■ Task directions: Please output the lines shown below exactly as they appear.

Segment Start: Information shown

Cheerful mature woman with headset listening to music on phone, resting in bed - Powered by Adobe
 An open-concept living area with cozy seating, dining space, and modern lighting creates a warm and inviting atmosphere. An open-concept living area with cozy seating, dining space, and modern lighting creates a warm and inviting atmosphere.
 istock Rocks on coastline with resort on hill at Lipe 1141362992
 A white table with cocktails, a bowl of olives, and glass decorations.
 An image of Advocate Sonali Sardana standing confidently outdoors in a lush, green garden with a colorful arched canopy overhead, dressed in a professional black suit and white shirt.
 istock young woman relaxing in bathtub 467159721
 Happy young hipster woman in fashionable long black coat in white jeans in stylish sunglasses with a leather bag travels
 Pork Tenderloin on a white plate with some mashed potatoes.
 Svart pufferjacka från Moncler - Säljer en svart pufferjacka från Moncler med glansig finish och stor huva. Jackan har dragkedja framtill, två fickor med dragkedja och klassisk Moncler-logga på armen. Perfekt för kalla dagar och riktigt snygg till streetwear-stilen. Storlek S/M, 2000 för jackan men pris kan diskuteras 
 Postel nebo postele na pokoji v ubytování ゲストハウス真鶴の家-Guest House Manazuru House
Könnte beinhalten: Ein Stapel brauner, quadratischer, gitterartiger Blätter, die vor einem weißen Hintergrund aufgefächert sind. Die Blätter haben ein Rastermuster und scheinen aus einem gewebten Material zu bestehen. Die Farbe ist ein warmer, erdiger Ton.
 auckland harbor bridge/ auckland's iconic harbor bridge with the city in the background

Segment End: Information shown

■ Response for this exercise:
Cheerful mature woman with headset listening to music on phone, resting in bed - Powered by Adobe
 An open-concept living area with cozy seating, dining space, and modern lighting creates a warm and inviting atmosphere. An open-concept living area with cozy seating, dining space, and modern lighting creates a warm and inviting atmosphere.
 istock Rocks on coastline with resort on hill at Lipe 1141362992
 A white table with cocktails, a bowl of olives, and glass decorations.
 An image of Advocate Sonali Sardana standing confidently outdoors in a lush, green garden with a colorful arched canopy overhead, dressed in a professional black suit and white shirt.
 istock young woman relaxing in bathtub 467159721
 Happy young hipster woman in fashionable long black coat in white jeans in stylish sunglasses with a leather bag travels
 Pork Tenderloin on a white plate with some mashed potatoes.
 Svart pufferjacka från Moncler - Säljer en svart pufferjacka från Moncler med glansig finish och stor huva. Jackan har dragkedja framtill, två fickor med dragkedja och klassisk Moncler-logga på armen. Perfekt för kalla dagar och riktigt snygg till streetwear-stilen. Storlek S/M, 2000 för jackan men pris kan diskuteras 
 Postel nebo postele na pokoji v ubytování ゲストハウス真鶴の家-Guest House Manazuru House
Könnte beinhalten: Ein Stapel brauner, quadratischer, gitterartiger Blätter, die vor einem weißen Hintergrund aufgefächert sind. Die Blätter haben ein Rastermuster und scheinen aus einem gewebten Material zu bestehen. Die Farbe ist ein warmer, erdiger Ton.
 auckland harbor bridge/ auckland's iconic harbor bridge with the city in the background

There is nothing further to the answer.